* **Exercise brief**
What number of lines in the entries hold the string "sale"? Answer with it alone.

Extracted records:

§

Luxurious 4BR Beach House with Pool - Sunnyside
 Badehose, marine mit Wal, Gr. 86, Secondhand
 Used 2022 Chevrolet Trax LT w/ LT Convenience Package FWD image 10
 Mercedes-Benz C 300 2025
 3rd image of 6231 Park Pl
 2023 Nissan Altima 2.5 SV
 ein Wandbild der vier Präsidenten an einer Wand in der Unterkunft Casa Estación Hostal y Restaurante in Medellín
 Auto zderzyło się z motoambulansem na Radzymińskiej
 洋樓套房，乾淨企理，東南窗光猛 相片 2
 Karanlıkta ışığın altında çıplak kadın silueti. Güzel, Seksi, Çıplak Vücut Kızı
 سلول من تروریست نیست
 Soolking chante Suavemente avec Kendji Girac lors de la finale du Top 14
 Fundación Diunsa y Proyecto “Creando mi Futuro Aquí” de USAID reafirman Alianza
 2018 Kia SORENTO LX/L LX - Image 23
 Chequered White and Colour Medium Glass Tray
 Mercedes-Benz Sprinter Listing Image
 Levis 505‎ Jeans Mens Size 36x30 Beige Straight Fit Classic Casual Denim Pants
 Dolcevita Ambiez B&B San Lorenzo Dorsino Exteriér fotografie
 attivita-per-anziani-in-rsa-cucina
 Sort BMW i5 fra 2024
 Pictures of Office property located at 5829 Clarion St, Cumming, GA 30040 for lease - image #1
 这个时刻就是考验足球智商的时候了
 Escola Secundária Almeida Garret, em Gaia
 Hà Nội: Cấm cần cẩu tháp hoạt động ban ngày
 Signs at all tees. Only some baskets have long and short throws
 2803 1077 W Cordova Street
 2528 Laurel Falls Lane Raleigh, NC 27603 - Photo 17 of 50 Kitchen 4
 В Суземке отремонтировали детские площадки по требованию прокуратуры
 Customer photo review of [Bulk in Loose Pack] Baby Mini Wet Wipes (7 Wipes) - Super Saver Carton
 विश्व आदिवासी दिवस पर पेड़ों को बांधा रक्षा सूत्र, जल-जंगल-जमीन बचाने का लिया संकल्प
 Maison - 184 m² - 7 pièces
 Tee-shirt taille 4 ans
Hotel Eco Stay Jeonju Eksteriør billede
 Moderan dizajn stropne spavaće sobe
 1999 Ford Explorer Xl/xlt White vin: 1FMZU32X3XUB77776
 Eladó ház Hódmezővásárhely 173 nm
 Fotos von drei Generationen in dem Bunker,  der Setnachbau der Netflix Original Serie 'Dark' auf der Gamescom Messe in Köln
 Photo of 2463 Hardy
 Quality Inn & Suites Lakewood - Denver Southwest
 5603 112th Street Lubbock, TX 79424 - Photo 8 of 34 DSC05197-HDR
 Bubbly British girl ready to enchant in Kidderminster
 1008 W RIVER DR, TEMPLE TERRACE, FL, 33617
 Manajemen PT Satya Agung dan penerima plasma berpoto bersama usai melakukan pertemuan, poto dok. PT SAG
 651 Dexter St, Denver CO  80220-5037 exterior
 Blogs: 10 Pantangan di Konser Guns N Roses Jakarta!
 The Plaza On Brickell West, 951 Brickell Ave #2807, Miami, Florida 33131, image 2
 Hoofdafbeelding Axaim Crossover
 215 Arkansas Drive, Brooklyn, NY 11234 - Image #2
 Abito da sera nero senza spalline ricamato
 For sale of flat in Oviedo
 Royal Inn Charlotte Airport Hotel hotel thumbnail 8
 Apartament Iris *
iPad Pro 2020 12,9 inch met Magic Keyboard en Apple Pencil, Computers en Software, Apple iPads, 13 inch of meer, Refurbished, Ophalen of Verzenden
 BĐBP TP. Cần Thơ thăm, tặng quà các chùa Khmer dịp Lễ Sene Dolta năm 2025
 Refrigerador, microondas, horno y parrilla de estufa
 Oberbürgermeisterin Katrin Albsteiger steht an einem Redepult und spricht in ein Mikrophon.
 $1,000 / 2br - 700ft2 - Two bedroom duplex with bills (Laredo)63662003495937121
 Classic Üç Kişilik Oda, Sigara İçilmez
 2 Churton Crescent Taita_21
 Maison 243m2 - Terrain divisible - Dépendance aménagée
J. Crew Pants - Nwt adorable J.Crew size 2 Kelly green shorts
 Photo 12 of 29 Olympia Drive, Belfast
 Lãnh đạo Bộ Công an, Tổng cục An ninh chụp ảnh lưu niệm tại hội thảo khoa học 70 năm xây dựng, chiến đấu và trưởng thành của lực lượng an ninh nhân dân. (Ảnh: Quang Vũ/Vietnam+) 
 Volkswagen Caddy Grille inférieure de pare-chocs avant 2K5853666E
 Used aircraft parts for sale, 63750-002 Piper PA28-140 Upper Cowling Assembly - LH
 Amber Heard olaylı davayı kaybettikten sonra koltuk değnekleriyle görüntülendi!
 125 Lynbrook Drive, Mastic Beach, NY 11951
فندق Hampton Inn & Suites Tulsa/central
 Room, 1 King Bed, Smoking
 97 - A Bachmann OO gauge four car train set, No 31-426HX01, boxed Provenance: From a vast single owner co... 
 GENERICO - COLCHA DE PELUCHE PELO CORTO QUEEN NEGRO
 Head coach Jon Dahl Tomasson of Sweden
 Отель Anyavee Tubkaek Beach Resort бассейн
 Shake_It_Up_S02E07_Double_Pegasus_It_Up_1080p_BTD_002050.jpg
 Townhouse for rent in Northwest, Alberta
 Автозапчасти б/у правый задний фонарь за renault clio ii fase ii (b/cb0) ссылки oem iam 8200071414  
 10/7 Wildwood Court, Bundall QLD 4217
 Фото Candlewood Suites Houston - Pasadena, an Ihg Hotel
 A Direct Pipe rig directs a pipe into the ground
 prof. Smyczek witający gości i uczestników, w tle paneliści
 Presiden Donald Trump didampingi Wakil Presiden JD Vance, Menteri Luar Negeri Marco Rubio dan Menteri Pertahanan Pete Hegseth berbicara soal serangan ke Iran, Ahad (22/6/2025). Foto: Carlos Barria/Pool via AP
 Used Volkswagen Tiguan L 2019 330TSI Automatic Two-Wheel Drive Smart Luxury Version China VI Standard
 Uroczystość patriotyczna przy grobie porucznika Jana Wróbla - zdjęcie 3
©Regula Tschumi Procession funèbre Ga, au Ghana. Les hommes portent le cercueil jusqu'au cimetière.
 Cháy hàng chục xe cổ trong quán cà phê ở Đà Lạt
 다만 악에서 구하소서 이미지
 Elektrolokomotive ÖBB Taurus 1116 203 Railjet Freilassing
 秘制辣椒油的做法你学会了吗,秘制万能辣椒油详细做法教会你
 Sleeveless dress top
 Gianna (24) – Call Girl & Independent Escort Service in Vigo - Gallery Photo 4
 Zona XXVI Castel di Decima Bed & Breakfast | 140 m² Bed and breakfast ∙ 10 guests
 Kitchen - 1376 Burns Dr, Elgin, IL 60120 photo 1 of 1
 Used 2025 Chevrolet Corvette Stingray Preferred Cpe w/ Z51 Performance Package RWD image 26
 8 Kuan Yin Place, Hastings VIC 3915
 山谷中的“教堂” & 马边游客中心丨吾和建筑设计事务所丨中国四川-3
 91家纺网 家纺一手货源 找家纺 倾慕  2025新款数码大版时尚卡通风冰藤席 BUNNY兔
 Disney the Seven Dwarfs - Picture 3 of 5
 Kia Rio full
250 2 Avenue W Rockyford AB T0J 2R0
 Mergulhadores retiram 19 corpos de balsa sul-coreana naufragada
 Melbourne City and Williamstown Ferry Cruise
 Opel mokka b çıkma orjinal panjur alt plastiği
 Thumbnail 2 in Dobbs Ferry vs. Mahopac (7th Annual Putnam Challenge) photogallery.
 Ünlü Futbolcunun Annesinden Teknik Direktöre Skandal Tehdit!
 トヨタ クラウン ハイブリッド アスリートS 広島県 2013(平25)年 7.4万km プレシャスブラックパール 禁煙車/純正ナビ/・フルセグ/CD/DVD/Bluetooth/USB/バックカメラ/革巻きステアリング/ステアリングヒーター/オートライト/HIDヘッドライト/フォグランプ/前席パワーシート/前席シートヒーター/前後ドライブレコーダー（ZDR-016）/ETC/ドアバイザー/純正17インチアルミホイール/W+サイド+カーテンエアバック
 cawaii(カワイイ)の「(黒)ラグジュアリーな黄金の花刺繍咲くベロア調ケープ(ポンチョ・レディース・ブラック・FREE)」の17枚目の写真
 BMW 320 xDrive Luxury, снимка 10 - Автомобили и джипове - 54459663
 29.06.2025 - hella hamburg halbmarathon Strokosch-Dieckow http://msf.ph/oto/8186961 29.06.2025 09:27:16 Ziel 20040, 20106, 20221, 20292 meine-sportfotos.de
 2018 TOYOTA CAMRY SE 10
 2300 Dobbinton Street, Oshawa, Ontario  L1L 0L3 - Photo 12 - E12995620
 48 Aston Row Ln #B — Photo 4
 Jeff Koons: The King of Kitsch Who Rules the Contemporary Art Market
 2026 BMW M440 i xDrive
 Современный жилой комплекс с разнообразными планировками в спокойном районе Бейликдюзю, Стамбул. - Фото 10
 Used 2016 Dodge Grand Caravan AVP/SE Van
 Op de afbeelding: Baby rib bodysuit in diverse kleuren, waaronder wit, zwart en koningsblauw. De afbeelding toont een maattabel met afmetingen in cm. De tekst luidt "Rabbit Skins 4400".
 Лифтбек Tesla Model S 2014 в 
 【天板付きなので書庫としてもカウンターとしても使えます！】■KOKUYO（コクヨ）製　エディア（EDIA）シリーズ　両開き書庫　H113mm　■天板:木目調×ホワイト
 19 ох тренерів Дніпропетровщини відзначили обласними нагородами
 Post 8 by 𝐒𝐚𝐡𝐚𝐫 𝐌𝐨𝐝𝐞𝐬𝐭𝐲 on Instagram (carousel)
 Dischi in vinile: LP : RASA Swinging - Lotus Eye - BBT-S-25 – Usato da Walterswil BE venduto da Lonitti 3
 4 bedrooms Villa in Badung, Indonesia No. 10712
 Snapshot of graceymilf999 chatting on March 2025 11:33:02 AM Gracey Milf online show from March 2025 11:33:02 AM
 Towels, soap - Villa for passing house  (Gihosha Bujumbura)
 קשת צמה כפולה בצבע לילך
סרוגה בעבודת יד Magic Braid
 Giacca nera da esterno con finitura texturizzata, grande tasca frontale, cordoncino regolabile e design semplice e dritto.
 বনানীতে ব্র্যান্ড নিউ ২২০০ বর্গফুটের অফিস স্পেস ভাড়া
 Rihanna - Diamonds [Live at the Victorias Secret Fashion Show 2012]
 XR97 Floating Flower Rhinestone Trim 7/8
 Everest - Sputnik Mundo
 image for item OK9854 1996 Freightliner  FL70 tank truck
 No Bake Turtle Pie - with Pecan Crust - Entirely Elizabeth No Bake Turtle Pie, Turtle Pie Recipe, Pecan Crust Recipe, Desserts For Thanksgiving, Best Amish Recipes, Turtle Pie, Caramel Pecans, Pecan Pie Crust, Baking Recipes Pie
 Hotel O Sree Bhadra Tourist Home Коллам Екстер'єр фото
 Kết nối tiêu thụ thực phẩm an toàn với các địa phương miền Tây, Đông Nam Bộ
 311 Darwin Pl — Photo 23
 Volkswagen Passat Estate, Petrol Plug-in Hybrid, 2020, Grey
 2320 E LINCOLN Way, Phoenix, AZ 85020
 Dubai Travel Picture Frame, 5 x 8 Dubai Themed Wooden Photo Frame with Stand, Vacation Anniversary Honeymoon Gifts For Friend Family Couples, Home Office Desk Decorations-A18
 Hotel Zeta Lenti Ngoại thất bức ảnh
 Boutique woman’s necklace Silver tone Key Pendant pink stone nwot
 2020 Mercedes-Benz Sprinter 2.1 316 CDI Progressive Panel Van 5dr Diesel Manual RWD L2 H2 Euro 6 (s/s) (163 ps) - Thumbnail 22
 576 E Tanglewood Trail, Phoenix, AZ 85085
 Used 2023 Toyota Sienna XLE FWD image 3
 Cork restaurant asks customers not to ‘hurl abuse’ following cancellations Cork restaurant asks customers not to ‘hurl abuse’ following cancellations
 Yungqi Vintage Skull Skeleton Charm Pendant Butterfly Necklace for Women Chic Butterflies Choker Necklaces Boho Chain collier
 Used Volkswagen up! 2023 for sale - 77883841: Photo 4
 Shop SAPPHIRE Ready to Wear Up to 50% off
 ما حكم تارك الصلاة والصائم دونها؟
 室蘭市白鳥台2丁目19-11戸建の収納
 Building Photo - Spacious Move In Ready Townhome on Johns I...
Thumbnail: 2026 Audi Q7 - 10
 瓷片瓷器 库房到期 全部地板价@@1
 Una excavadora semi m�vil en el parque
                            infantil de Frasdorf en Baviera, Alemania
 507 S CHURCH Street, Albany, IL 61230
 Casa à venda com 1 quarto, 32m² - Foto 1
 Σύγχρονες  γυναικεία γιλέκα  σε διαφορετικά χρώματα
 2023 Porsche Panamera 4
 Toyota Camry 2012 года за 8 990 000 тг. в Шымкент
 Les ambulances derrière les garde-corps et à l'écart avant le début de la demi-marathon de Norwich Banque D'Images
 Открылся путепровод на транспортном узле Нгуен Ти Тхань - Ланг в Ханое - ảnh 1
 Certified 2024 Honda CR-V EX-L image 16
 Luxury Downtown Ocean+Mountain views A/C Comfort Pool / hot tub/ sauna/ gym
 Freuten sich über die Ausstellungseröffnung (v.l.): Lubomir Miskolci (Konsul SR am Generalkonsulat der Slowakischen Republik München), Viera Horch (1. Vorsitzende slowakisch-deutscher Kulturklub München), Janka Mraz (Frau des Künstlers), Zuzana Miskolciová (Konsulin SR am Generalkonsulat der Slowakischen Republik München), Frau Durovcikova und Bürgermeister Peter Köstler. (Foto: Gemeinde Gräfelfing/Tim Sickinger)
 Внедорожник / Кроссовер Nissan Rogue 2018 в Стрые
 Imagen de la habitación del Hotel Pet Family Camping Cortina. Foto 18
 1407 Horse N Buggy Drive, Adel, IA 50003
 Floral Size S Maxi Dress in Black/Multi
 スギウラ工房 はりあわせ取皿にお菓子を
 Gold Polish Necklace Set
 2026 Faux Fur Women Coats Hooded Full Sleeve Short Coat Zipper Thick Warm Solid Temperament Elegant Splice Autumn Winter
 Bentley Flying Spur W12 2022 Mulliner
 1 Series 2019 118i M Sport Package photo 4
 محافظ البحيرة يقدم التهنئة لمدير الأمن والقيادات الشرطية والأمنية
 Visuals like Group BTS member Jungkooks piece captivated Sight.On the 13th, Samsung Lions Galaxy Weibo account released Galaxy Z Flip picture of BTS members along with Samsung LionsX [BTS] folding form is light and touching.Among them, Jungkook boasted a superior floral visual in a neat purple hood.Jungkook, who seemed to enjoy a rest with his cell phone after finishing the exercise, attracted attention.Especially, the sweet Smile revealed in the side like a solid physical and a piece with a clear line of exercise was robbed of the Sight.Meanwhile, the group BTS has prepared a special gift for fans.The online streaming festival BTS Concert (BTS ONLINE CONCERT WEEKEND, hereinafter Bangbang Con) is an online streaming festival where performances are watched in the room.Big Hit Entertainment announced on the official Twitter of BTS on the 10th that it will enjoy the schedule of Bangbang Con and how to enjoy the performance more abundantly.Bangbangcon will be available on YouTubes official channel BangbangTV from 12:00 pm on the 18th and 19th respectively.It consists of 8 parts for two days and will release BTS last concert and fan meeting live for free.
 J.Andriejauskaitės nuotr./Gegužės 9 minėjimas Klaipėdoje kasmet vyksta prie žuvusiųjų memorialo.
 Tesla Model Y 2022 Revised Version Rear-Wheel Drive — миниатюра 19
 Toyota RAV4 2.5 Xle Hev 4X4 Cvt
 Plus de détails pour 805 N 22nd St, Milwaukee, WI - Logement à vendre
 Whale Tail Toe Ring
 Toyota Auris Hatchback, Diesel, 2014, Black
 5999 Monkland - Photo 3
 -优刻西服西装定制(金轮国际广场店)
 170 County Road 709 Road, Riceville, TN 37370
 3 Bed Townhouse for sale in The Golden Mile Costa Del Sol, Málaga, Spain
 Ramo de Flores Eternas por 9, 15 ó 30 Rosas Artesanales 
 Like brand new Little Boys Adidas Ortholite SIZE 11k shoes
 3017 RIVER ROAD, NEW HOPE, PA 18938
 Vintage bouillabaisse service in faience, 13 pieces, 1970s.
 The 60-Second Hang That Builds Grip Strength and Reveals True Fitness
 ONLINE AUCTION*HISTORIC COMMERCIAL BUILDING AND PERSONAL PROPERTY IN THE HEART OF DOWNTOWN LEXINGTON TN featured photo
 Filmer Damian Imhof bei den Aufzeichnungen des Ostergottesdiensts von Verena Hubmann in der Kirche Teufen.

§

* **Output**
4